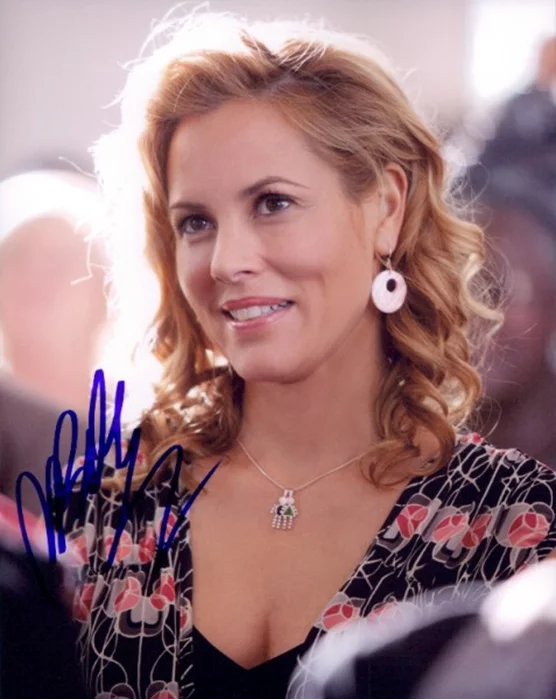 Maria Bello autograph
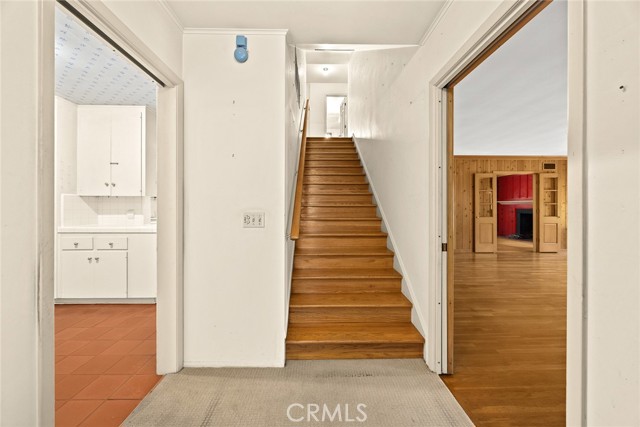 85 S San Rafael Avenue, Pasadena CA: https://media.crmls.org/medias/9f3ebd1f-94b4-4170-95b2-c5037087dab3.jpg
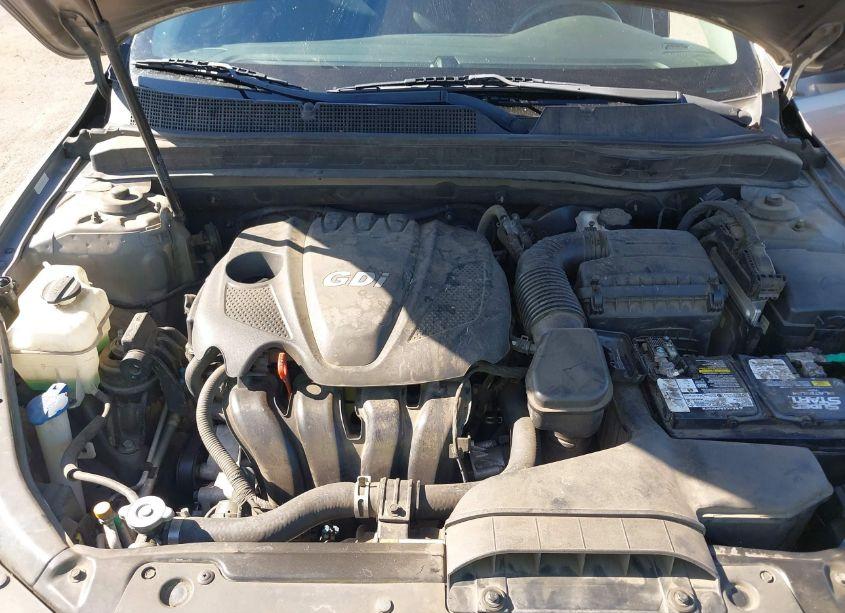 Photo 10 of 2015 Kia Optima LX (VIN 5XXGM4A72FG468664)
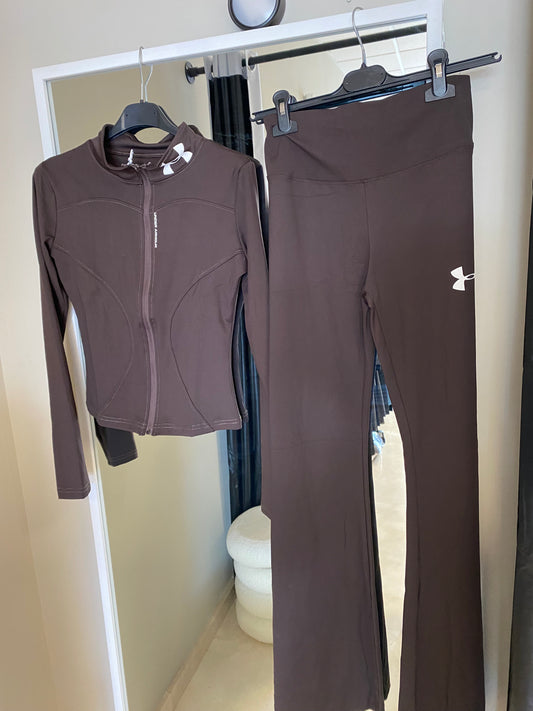 Under logo grande/campana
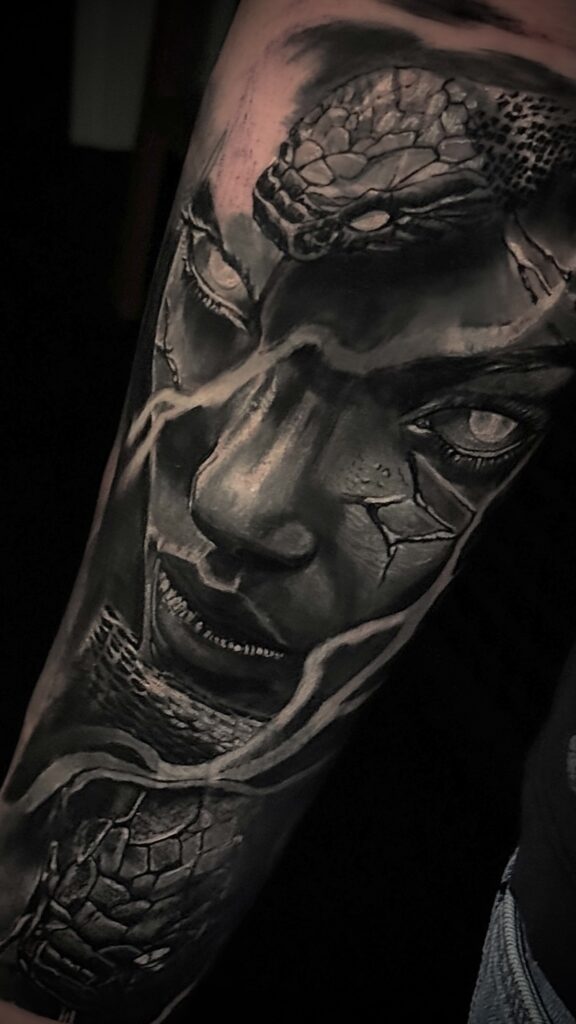 Tatuaje de Cobertura Pájaro Carpintero INKsbruck Tattoo Studio en Innsbruck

···

**EXERCISE BRIEF:**
The task calls for all records to be set down precisely, excluding any images.

**ANSWER AREA:**
 Maria Bello autograph
 85 S San Rafael Avenue, Pasadena CA: https://media.crmls.org/medias/9f3ebd1f-94b4-4170-95b2-c5037087dab3.jpg
 Photo 10 of 2015 Kia Optima LX (VIN 5XXGM4A72FG468664)
 Under logo grande/campana
 Tatuaje de Cobertura Pájaro Carpintero INKsbruck Tattoo Studio en Innsbruck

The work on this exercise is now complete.